Task goal: Copy out each entry precisely; no image belongs in the result.

──────── Provided data

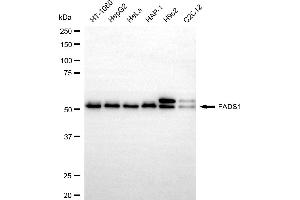 anti-Fatty Acid Desaturase 1 (FADS1) antibody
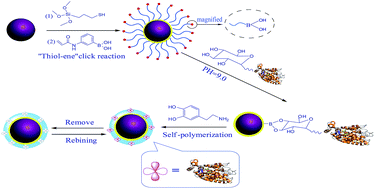 Graphical abstract: Click synthesis of boronic acid-functionalized molecularly imprinted silica nanoparticles with polydopamine coating for enrichment of trace glycoproteins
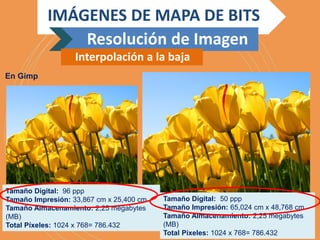 Tamaño Digital: 96 ppp
Tamaño Impresión: 33,867 cm x 25,400 cm
Tamaño Almacenamiento: 2,25 megabytes
(MB)
Total Píxeles: 1024 x 768= 786.432
Tamaño Digital: 50 ppp
Tamaño Impresión: 65,024 cm x 48,768 cm
Tamaño Almacenamiento: 2,25 megabytes
(MB)
Total Píxeles: 1024 x 768= 786.432
En Gimp
IMÁGENES DE MAPA DE BITS
Resolución de Imagen
Interpolación a la baja
 
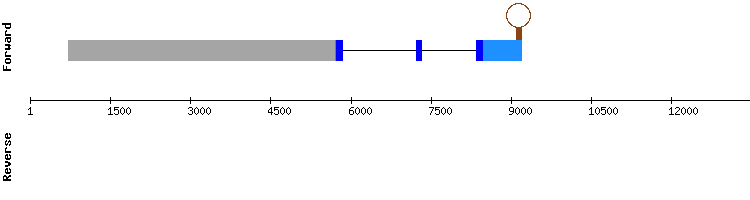 gene structure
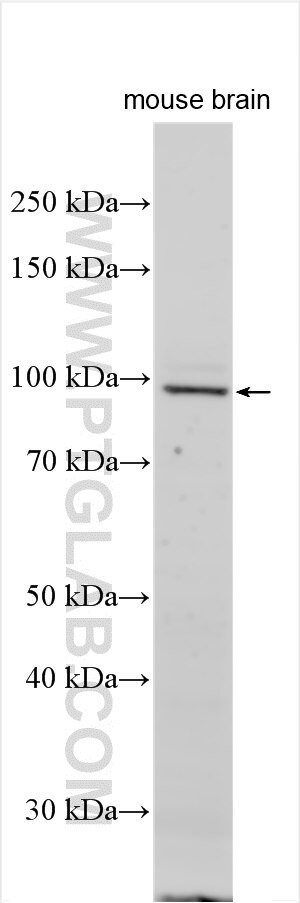 G6PC Antibody in Western Blot (WB)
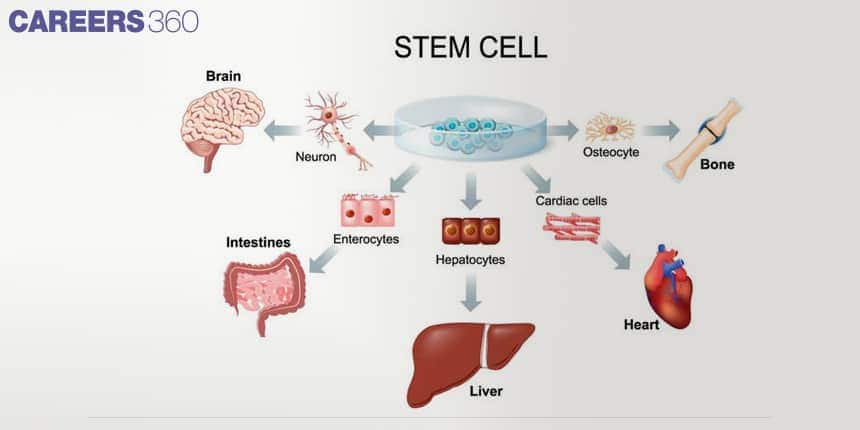 Illustration showing how stem cells differentiate into specialized cells like neurons (brain), osteocytes (bone), enterocytes (intestines), hepatocytes (liver), and cardiac cells (heart).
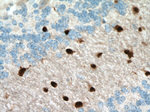 SOX10 Antibody in Immunohistochemistry (Paraffin) (IHC (P))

────────────────

Expected output:
 anti-Fatty Acid Desaturase 1 (FADS1) antibody
 Graphical abstract: Click synthesis of boronic acid-functionalized molecularly imprinted silica nanoparticles with polydopamine coating for enrichment of trace glycoproteins
 Tamaño Digital: 96 ppp
Tamaño Impresión: 33,867 cm x 25,400 cm
Tamaño Almacenamiento: 2,25 megabytes
(MB)
Total Píxeles: 1024 x 768= 786.432
Tamaño Digital: 50 ppp
Tamaño Impresión: 65,024 cm x 48,768 cm
Tamaño Almacenamiento: 2,25 megabytes
(MB)
Total Píxeles: 1024 x 768= 786.432
En Gimp
IMÁGENES DE MAPA DE BITS
Resolución de Imagen
Interpolación a la baja
 
 gene structure
 G6PC Antibody in Western Blot (WB)
 Illustration showing how stem cells differentiate into specialized cells like neurons (brain), osteocytes (bone), enterocytes (intestines), hepatocytes (liver), and cardiac cells (heart).
 SOX10 Antibody in Immunohistochemistry (Paraffin) (IHC (P))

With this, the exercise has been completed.